Pharma shares were firm, with Cipla and Sun Pharma leading gainers on the Sensex with a 1-2 percent rise. Metal and capital goods shares were down slightly with Sesa , Sterlite , Hindalco and Bhel down about a percent each. Airtel too figured among the laggards, down around 1 percent.

In the midcap space, Adani group shares were down 1-3% on profit booking. These stocks had rallied over the last month in anticipation of BJP returning to power in the state. Early trends show the BJP heading for a clear majority.

Karnataka Bank shares were down around 3% on a report in the Business Standard that Sebi was probing for possible manipulation in the stock by a section on traders. The stock was among the best performers in the private bank space, more than doubling in less than a couple of months.

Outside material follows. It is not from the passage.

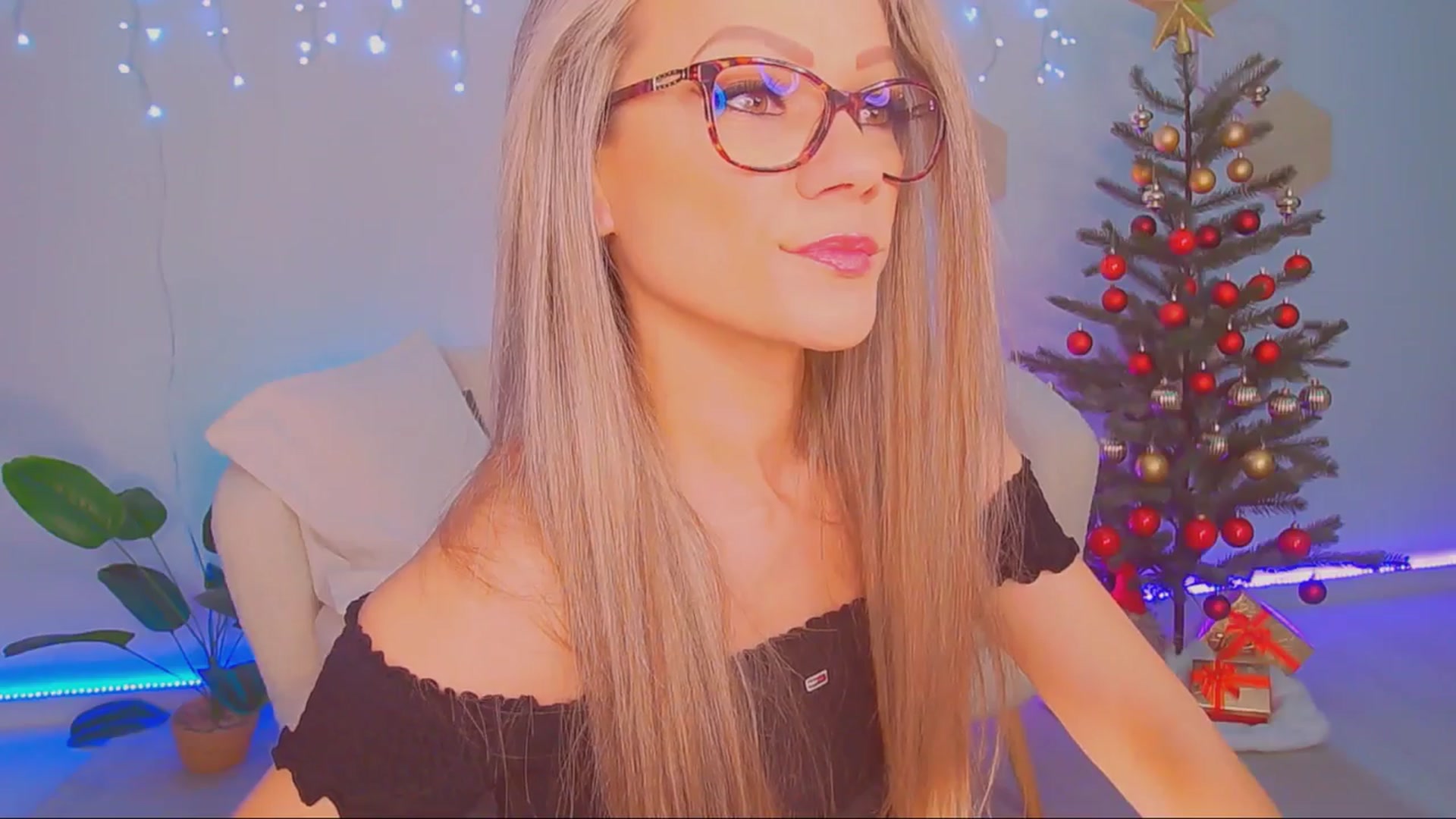Gallery image thumbnail from Magic__Candy's myfreecams stream on, 12/01/2025, 24:04 image 4 of 20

DLF shares were down around 1 percent, after modest gains Wednesday on news of its selling Aman Resorts for Rs 1600 crore and using the proceeds to repay debt.

"The debt-reduction becomes crucial for sustained (DLF's) stock performance. The closure of the deal would bring total divestments in FY13 to Rs 4750 crore as against its guidance of Rs 5000 crore for FY13. Further divestment in wind power business, which is in advance stages of negotiations, is expected to generate another Rs 9000 crore for the company," brokerage house Edelweiss wrote in a note to clients.